▶ _WHAT TO DO_
For the entries that follow, produce an exact copy with no pictures in it.

▶ _Dataset entries_

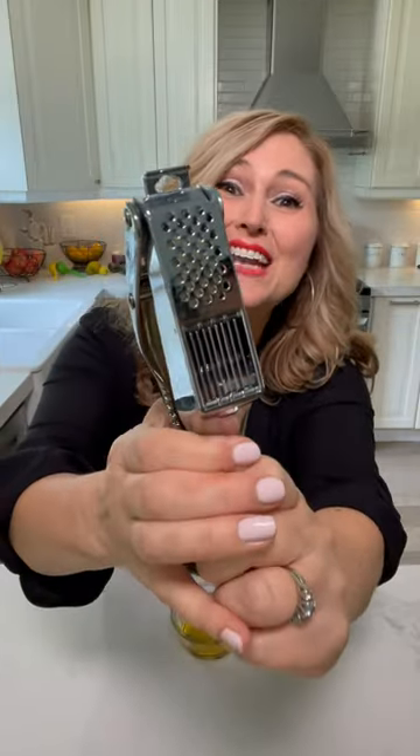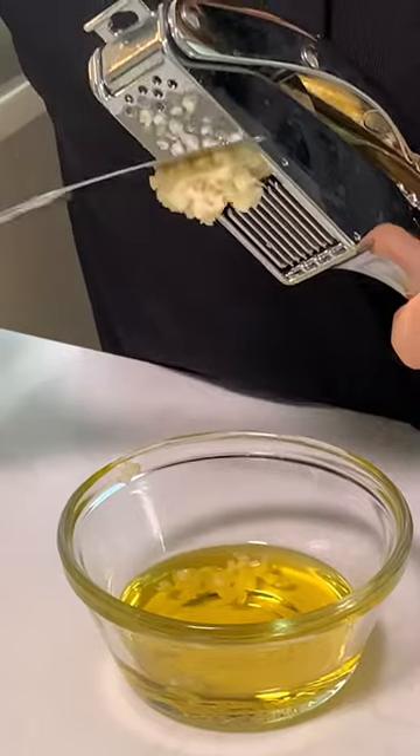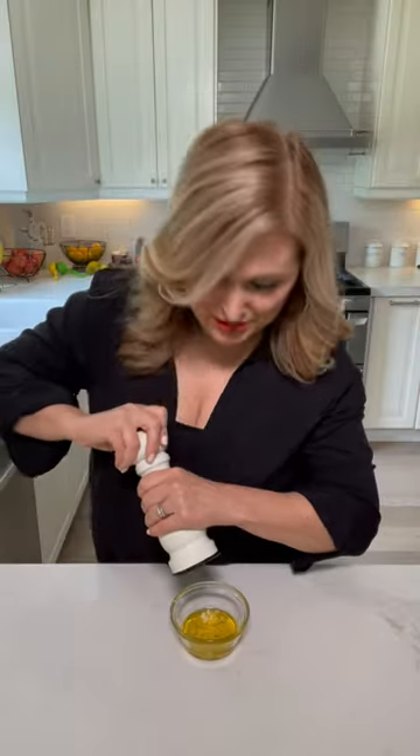It's gone viral because it's so darn good: smash broccoli. First, add two garlic cloves minced to a few tablespoons of olive oil, some ground pepper, and a quarter teaspoon of paprika — optional — and mix it up.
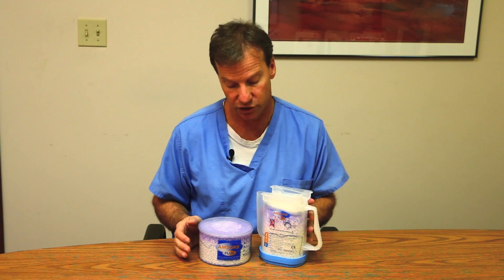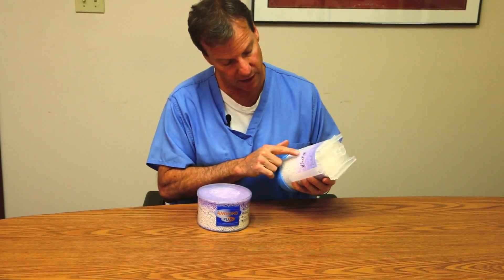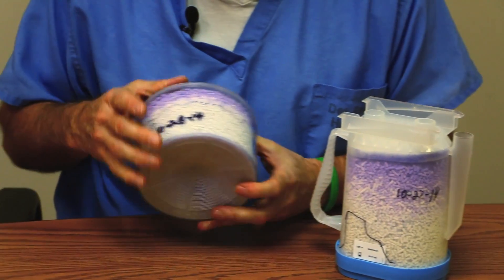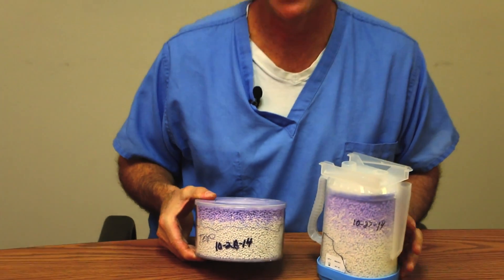Since Amsorb Plus is calcium-based, it does not have any capability of producing those toxins. It also has a permanent color change. These two canisters show that color change — one dated October 27th, one dated October 28th. Three months from now they'll still be the same color blue, whereas traditional soda limes will revert back to white.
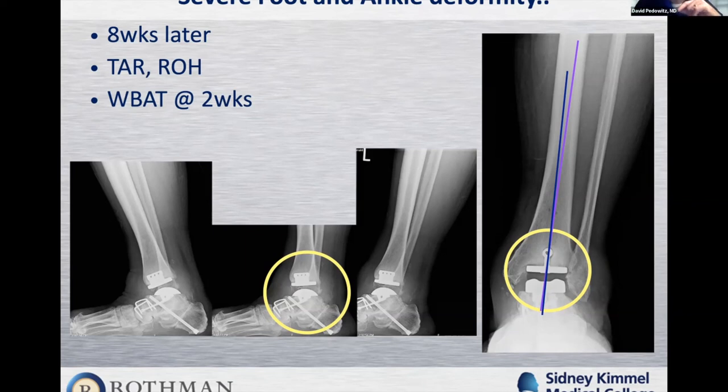Dr. Parekh's closure technique: vein powder, capsular and fascial closure, subcutaneous tissue, then running vertical mattress nylon suture that goes underneath the incision rather than crossing it. Patients are placed in a bulky splint, seen at one week in an Unna boot for compression, stitches out at two weeks, then walking in a boot. The boot can be removed for range of motion, showering, and sleeping until six weeks.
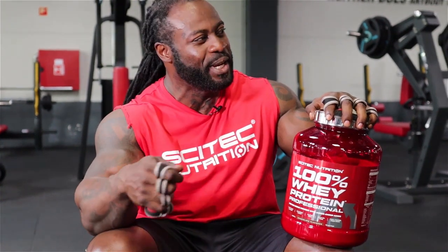In my prep time, I love to take my shakes as well between meals, just to have some taste. Because you've been eating chicken the whole day, rice and steak and salmon. So just to have some taste in my mouth, I take the whey protein as well.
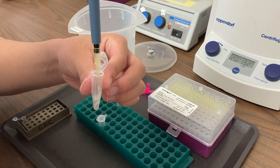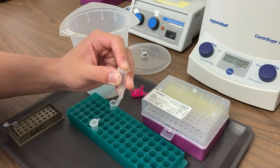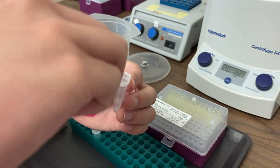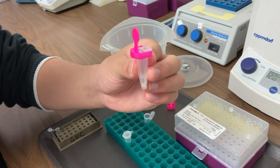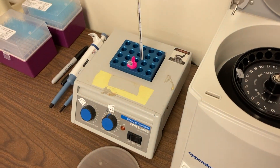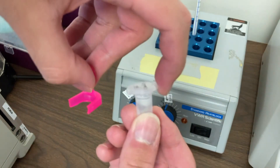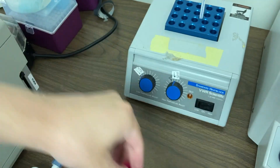We're not going to talk too much about what Kelex is, but it's going to help us separate our DNA from proteins and other parts of the cell that we're less interested in for this lab. We're going to add a cap lock to the top of our tube and put it in a heat block set at 99 or 100 degrees Celsius — that's boiling. Think about what's going on to that cell membrane at 100 degrees Celsius when it's boiling.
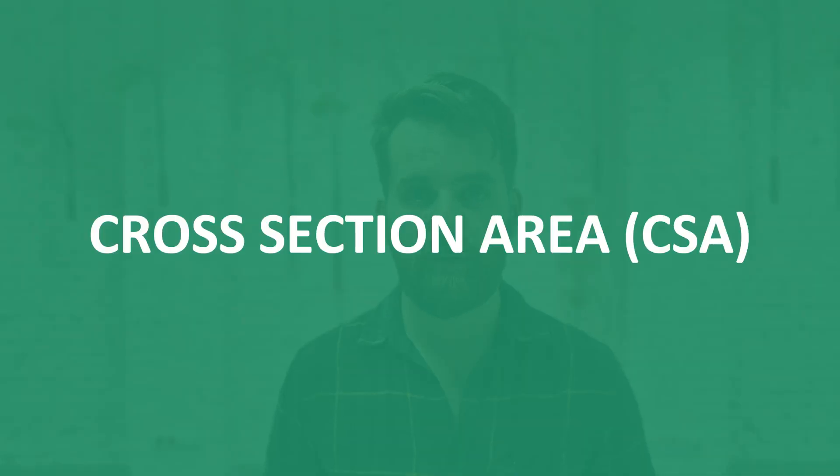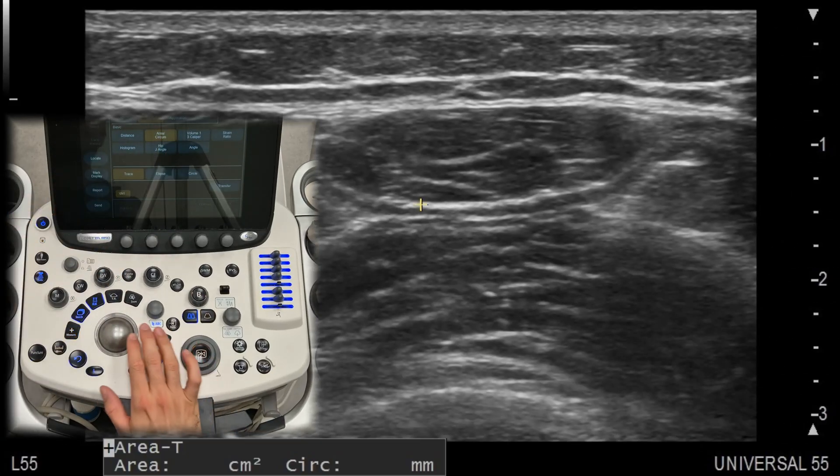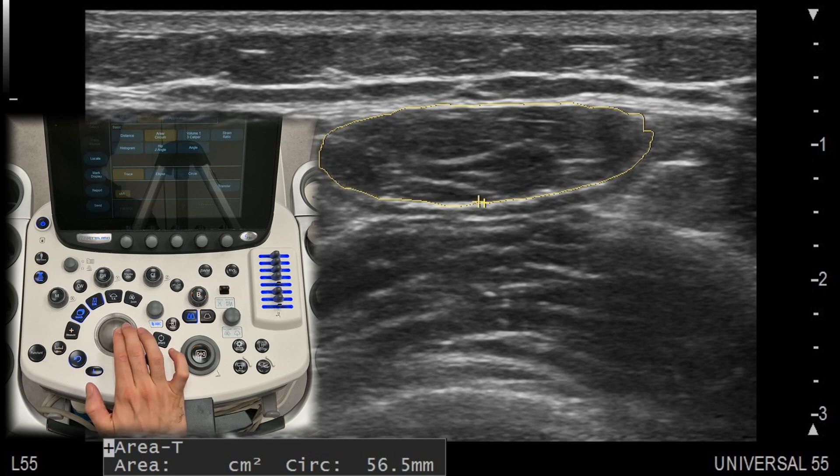Cross-section area is key for evaluating muscle size, tendons, and certain lesions. Most machines allow you to trace around the structure of interest to automatically calculate the area. This is particularly useful when assessing nerve entrapments or monitoring muscle atrophy or hypertrophy in patients.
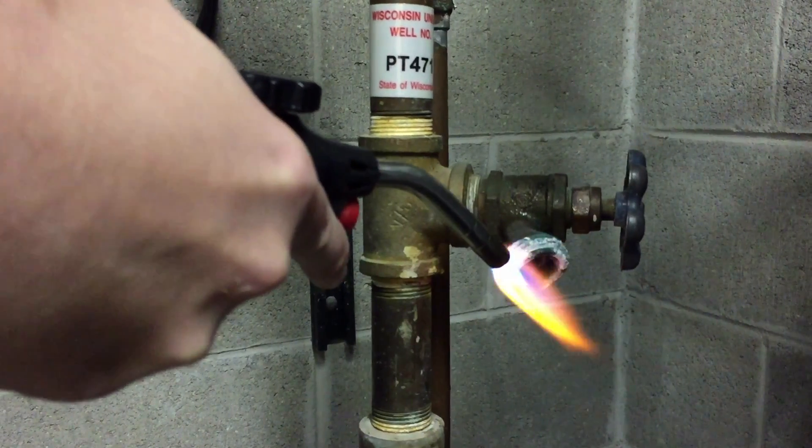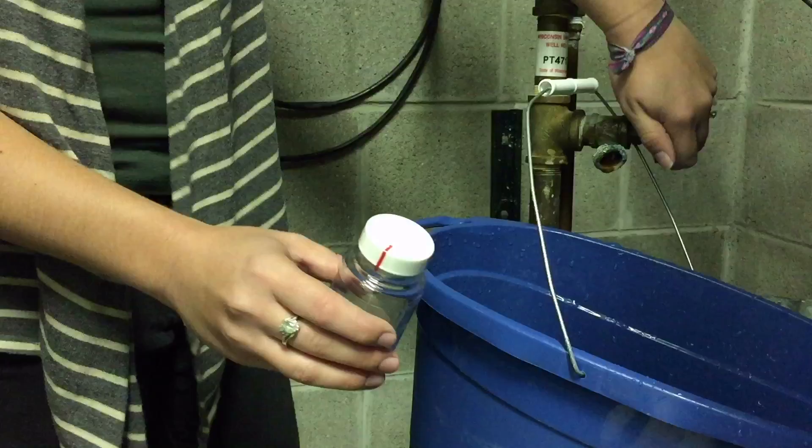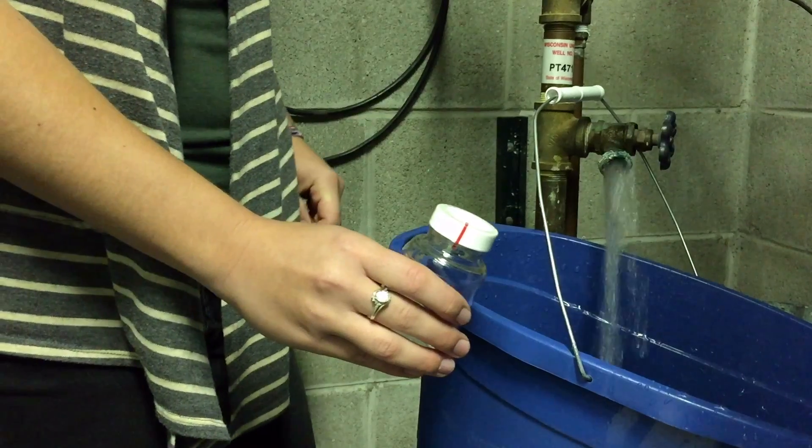Then you want to turn it off and heat it up with a lighter or a torch for 10 to 20 seconds to kill any bacteria that might be on the spigot head. Then you'll turn it back on and run it for another 30 seconds.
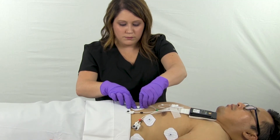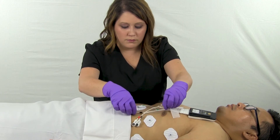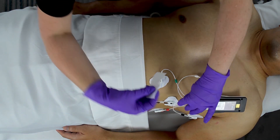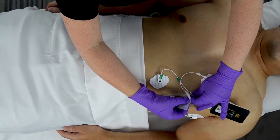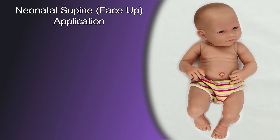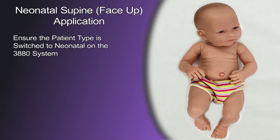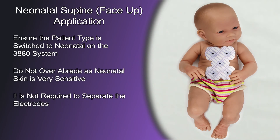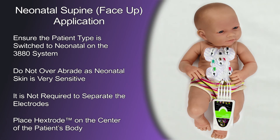Place the EPOD near the patient's abdomen or their left shoulder. If the EPOD is resting on the patient's skin, it is recommended to place gauze pads or a wash cloth under it to avoid any wireless signal disruptions. For neonatal patients, first ensure the patient type has been switched to neonatal. Do not overabrade as neonatal skin is very sensitive. It is not required to separate the electrodes. Finally, place the Hextrode on the center of the patient's body.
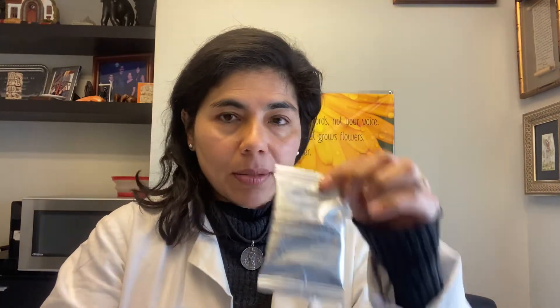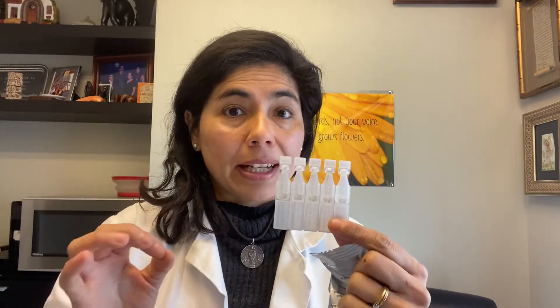The second one to come out was Zydra. Zydra works in a different fashion as an LFA-1 inhibitor, and it comes similarly in a packet like this — these little tubes — and they are also non-preserved. They can really burn when they go in, so I tell patients to put Restasis or Zydra in the refrigerator because that might help a little bit.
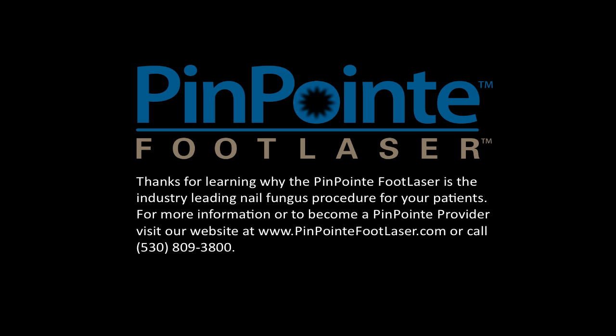Thanks for learning why the Pinpoint Foot Laser is the industry-leading nail fungus procedure for your patients. For more information, or to become a Pinpoint provider, visit our website at www.pinpointfootlaser.com or call 530-809-3800 today. Thank you for joining us today.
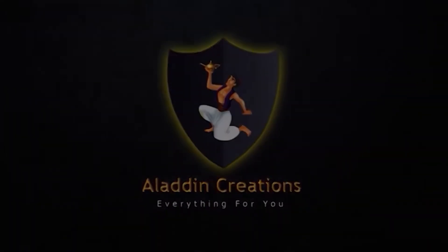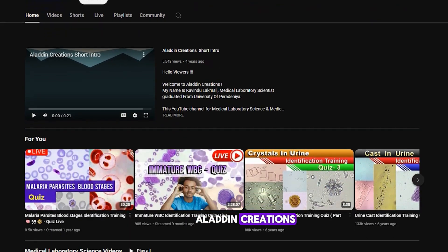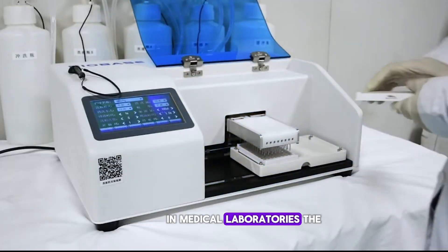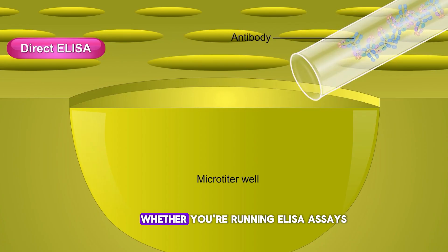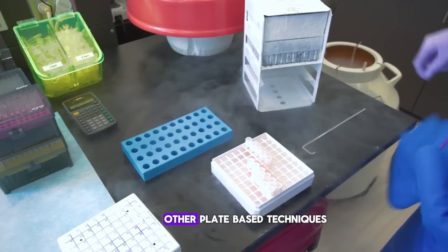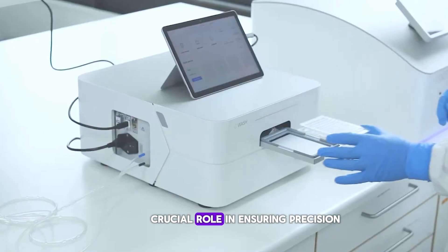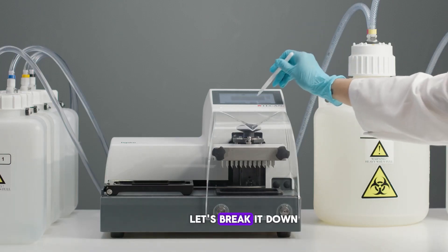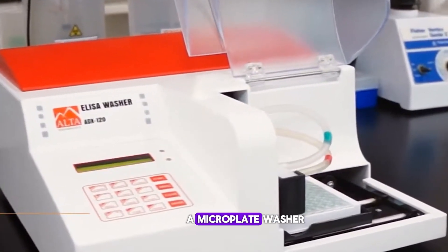Aladdin Creations — hello and welcome to Aladdin Creations. Today we're diving into a vital piece of equipment in medical laboratories: the microplate washer. Whether you're running ELISA assays, cell-based experiments, or other plate-based techniques, this tool plays a crucial role in ensuring precision and reliability. Let's break it down — so what exactly is a microplate washer?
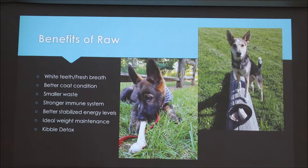Some of you must be thinking this is a lot of work compared to kibble, so why feed raw instead? There are many benefits: white teeth and fresh breath, better coat condition, smaller and less smelly waste, stronger immune system, better stabilized energy level, and ideal weight maintenance. Once you start feeding raw, a lot of owners notice their dogs go through a sort of detox in the first couple of weeks — this can include increased shedding, gunky or smelly ears and eyes, and bad breath. This is just their body getting rid of toxins that accumulated from eating kibble.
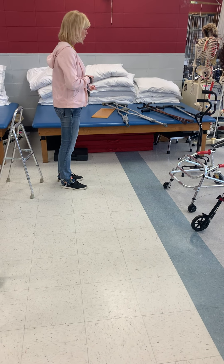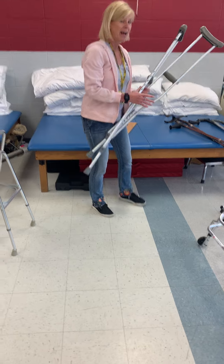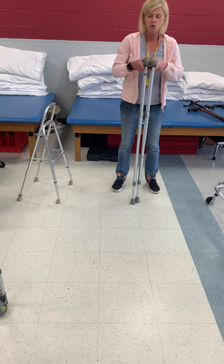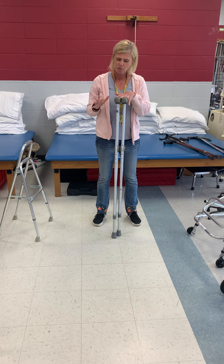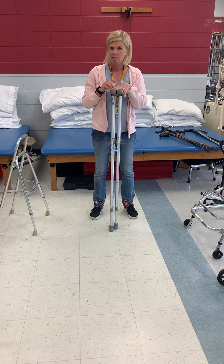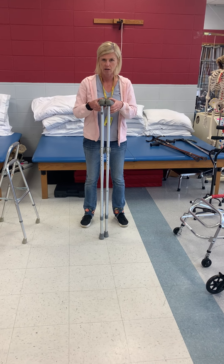We're going to go to crutches next. You have to have decent balance for crutches. We use crutches for patients that have decreased balance, but if they have bad coordination problems or their balance is just horrendous, then you don't want to give them crutches — you want to have them use a walker in that case.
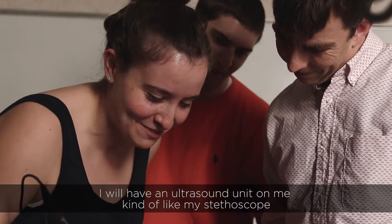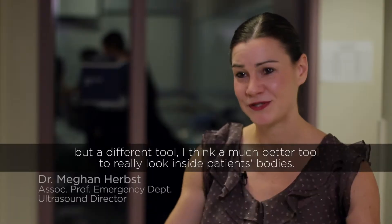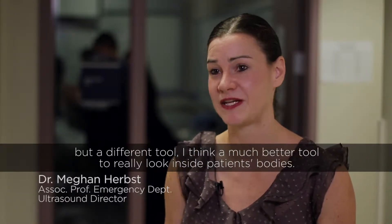I will have an ultrasound unit on me, kind of like my stethoscope, but a different tool — a much better tool to really look inside patients' bodies.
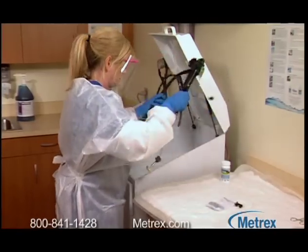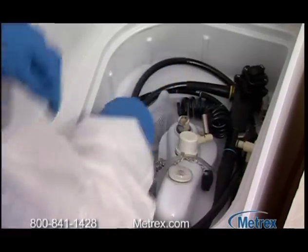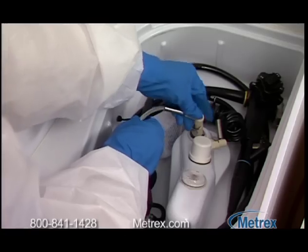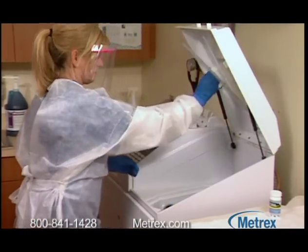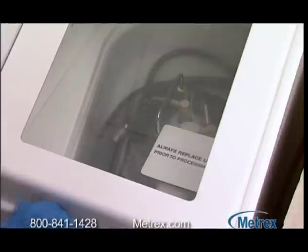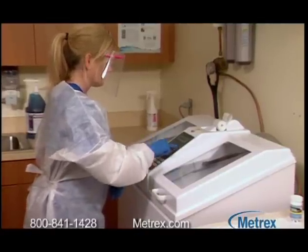High-level disinfection is the process that eliminates many pathogenic or disease-causing organisms, except bacterial spores, on reusable semi-critical medical instruments or devices. Semi-critical devices are instruments that come in contact with mucus membranes, such as reusable flexible endoscopes, respiratory equipment, and anesthesia equipment.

▶ _OUTPUT OF THE TASK_
It's gone viral because it's so darn good: smash broccoli. First, add two garlic cloves minced to a few tablespoons of olive oil, some ground pepper, and a quarter teaspoon of paprika — optional — and mix it up.
Since Amsorb Plus is calcium-based, it does not have any capability of producing those toxins. It also has a permanent color change. These two canisters show that color change — one dated October 27th, one dated October 28th. Three months from now they'll still be the same color blue, whereas traditional soda limes will revert back to white.
Dr. Parekh's closure technique: vein powder, capsular and fascial closure, subcutaneous tissue, then running vertical mattress nylon suture that goes underneath the incision rather than crossing it. Patients are placed in a bulky splint, seen at one week in an Unna boot for compression, stitches out at two weeks, then walking in a boot. The boot can be removed for range of motion, showering, and sleeping until six weeks.
In my prep time, I love to take my shakes as well between meals, just to have some taste. Because you've been eating chicken the whole day, rice and steak and salmon. So just to have some taste in my mouth, I take the whey protein as well.
We're not going to talk too much about what Kelex is, but it's going to help us separate our DNA from proteins and other parts of the cell that we're less interested in for this lab. We're going to add a cap lock to the top of our tube and put it in a heat block set at 99 or 100 degrees Celsius — that's boiling. Think about what's going on to that cell membrane at 100 degrees Celsius when it's boiling.
Cross-section area is key for evaluating muscle size, tendons, and certain lesions. Most machines allow you to trace around the structure of interest to automatically calculate the area. This is particularly useful when assessing nerve entrapments or monitoring muscle atrophy or hypertrophy in patients.
Then you want to turn it off and heat it up with a lighter or a torch for 10 to 20 seconds to kill any bacteria that might be on the spigot head. Then you'll turn it back on and run it for another 30 seconds.
Place the EPOD near the patient's abdomen or their left shoulder. If the EPOD is resting on the patient's skin, it is recommended to place gauze pads or a wash cloth under it to avoid any wireless signal disruptions. For neonatal patients, first ensure the patient type has been switched to neonatal. Do not overabrade as neonatal skin is very sensitive. It is not required to separate the electrodes. Finally, place the Hextrode on the center of the patient's body.
The second one to come out was Zydra. Zydra works in a different fashion as an LFA-1 inhibitor, and it comes similarly in a packet like this — these little tubes — and they are also non-preserved. They can really burn when they go in, so I tell patients to put Restasis or Zydra in the refrigerator because that might help a little bit.
Thanks for learning why the Pinpoint Foot Laser is the industry-leading nail fungus procedure for your patients. For more information, or to become a Pinpoint provider, visit our website at www.pinpointfootlaser.com or call 530-809-3800 today. Thank you for joining us today.
Aladdin Creations — hello and welcome to Aladdin Creations. Today we're diving into a vital piece of equipment in medical laboratories: the microplate washer. Whether you're running ELISA assays, cell-based experiments, or other plate-based techniques, this tool plays a crucial role in ensuring precision and reliability. Let's break it down — so what exactly is a microplate washer?
Some of you must be thinking this is a lot of work compared to kibble, so why feed raw instead? There are many benefits: white teeth and fresh breath, better coat condition, smaller and less smelly waste, stronger immune system, better stabilized energy level, and ideal weight maintenance. Once you start feeding raw, a lot of owners notice their dogs go through a sort of detox in the first couple of weeks — this can include increased shedding, gunky or smelly ears and eyes, and bad breath. This is just their body getting rid of toxins that accumulated from eating kibble.
We're going to go to crutches next. You have to have decent balance for crutches. We use crutches for patients that have decreased balance, but if they have bad coordination problems or their balance is just horrendous, then you don't want to give them crutches — you want to have them use a walker in that case.
I will have an ultrasound unit on me, kind of like my stethoscope, but a different tool — a much better tool to really look inside patients' bodies.
High-level disinfection is the process that eliminates many pathogenic or disease-causing organisms, except bacterial spores, on reusable semi-critical medical instruments or devices. Semi-critical devices are instruments that come in contact with mucus membranes, such as reusable flexible endoscopes, respiratory equipment, and anesthesia equipment.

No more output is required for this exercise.